# Quintuple Meter



## Dmorelli (Jan 27, 2020)

Hello all. I am a new listener of classical music. I am somewhat obsessed with 5/4 or Quituple meter. What would you suggest listening to in 5/4?


----------



## Allegro Con Brio (Jan 3, 2020)

Dmorelli said:


> Hello all. I am a new listener of classical music. I am somewhat obsessed with 5/4 or Quituple meter. What would you suggest listening to in 5/4?


Welcome to the wondrous world of classical music! You're beginning an amazing lifelong adventure of joy and discovery. Tchaikovsky used 5/4 meter very effectively in the second movement of his 6th Symphony to produce what he called a "limping waltz"- try counting out the beats as you listen and you'll find that the traditional waltz pattern seems to hop along with a broken leg. It's almost unsettling, really. The other famous example is "Mars" from Holst's Planets, with that pervading rhythmic ostinato. Chopin's obscure 1st Piano Sonata also uses quintuple meter in the third movement.


----------



## Rogerx (Apr 27, 2018)

Dmorelli said:


> Hello all. I am a new listener of classical music. I am somewhat obsessed with 5/4 or Quituple meter. What would you suggest listening to in 5/4?


How did you get obsessed with 5/4, in what relation I mean?


----------



## janxharris (May 24, 2010)

Dmorelli said:


> Hello all. I am a new listener of classical music. I am somewhat obsessed with 5/4 or Quituple meter. What would you suggest listening to in 5/4?


Rachmaninoff's 'Isle of the dead' begins and ends in 5/8.

It's worth noting how he switches the accent - firstly 2 quavers followed by 3 - then 3 followed by 2 and back again.


----------



## EdwardBast (Nov 25, 2013)

Rogerx said:


> How did you get obsessed with 5/4, in what relation I mean?

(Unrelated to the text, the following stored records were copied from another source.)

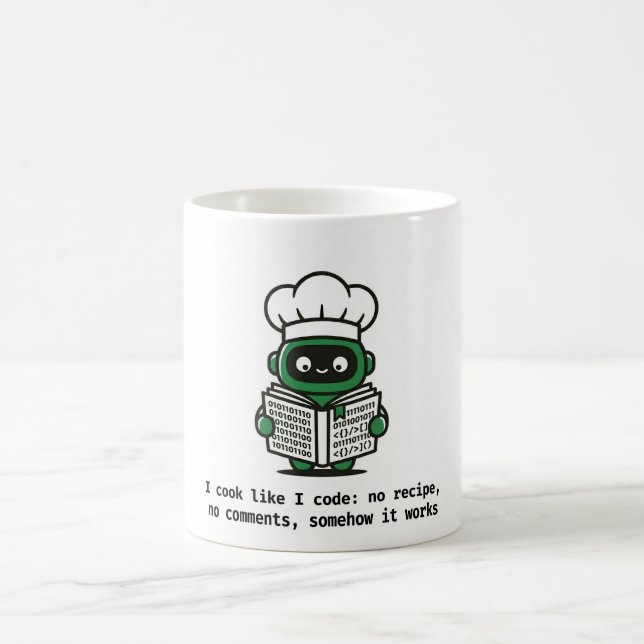 Caneca De Café Funny Coder Mug — I Cook Like I Code (Centro)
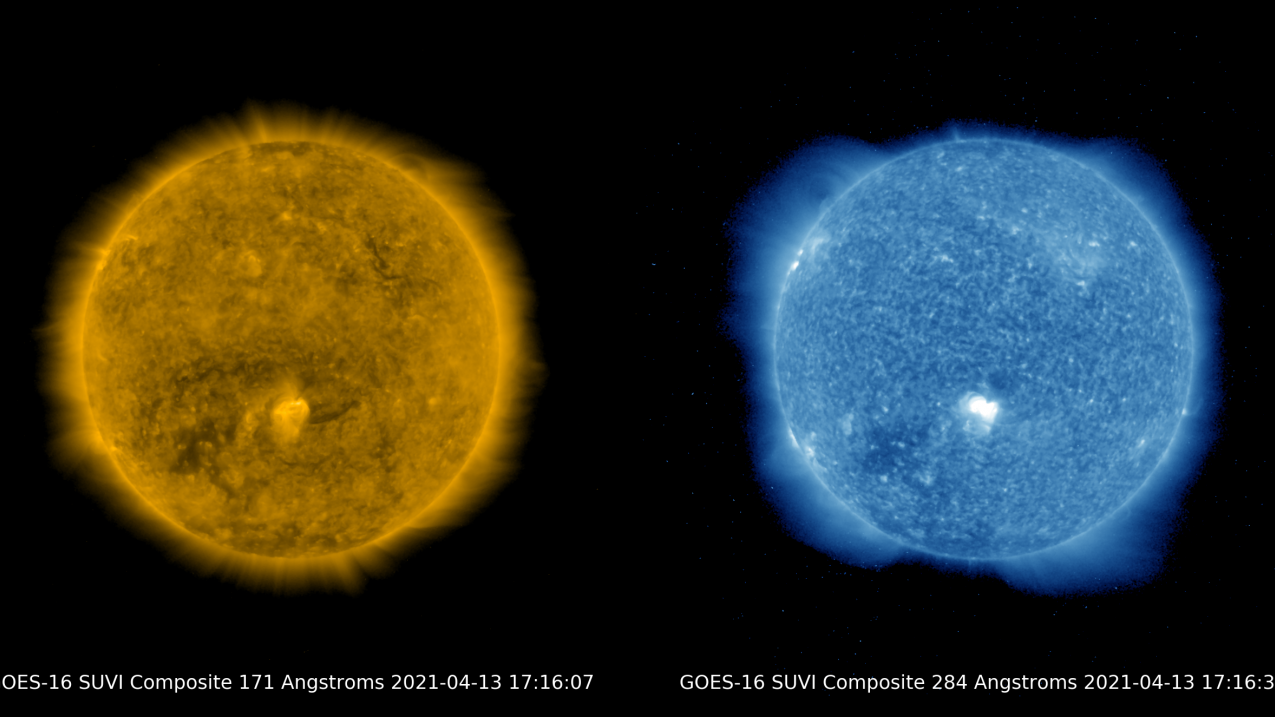Two images of the sun from GOES-16 Solar Ultraviolet Imager (SUVI) on April 13, 2021. The image on the left was taken with a 171 Angstrom filter and the one on the right was taken with a 284 Angstrom filter. Different wavelengths of light capture different information about what is happening on the sun's surface and atmosphere. The GOES SUVI captures wavelengths in the ultraviolet spectrum.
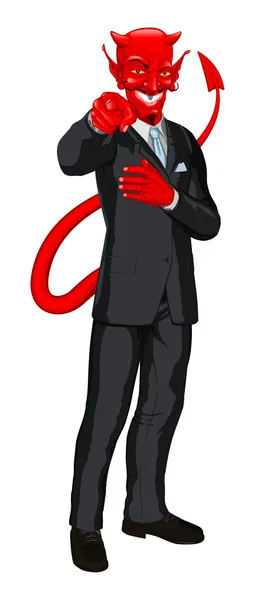 Devil business man pointing — Stock Vector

Don't know about Dmorelli, but anyone growing up with prog rock, fusion jazz, and the like lives, breathes and likely improvises in quintuple and septuple meter.


----------



## mbhaub (Dec 2, 2016)

Give the second movement of Borodin's 3rd Symphony a listen.


----------



## mikeh375 (Sep 7, 2017)

The Agnus Dei in Britten's War requiem is in 5/16. A lot of the first mvt. of Bernstein's Jeremiah Symphony is in 5/4 and the dance section in Holst's Hymn of Jesus is 5/4. Also the 'Adonai' in Bernstein's Chichester Psalms


----------



## Bwv 1080 (Dec 31, 2018)

Its not barred in 5, but the rhythm for the most part is






odd meters most often are patterns of 2 and 3 beats.


----------



## Heck148 (Oct 27, 2016)

5/8 - mvt III of Barber Piano Cto..fast...


----------



## Minneapple (Jan 14, 2020)

The finale of Samuel Barber's Piano Concerto. It's pretty exciting...


----------



## Rogerx (Apr 27, 2018)

EdwardBast said:


> Don't know about Dmorelli, but anyone growing up with prog rock, fusion jazz, and the like lives, breathes and likely improvises in quintuple and septuple meter.


Precise, that's why my specific question.


----------



## Heck148 (Oct 27, 2016)

Dave Brubeck- "Take Five"


----------



## Bluecrab (Jun 24, 2014)

EdwardBast said:


> ...anyone growing up with prog rock, fusion jazz, and the like lives, breathes and likely improvises in quintuple and septuple meter.


Here's a nice example of quintuple meter in straight-ahead modern jazz, featuring two fine horn players (Sonny Fortune and Woody Shaw).






Also, in prog-rock, the instrumental opening section of Emerson, Lake, and Palmer's _Tarkus_.


----------



## BrahmsWasAGreatMelodist (Jan 13, 2019)

Hate to be that guy, but Wikipedia has a nice example-heavy article about it, covering most of the examples (all of the famous ones) that I could think of, both in classical and non-classical music.


----------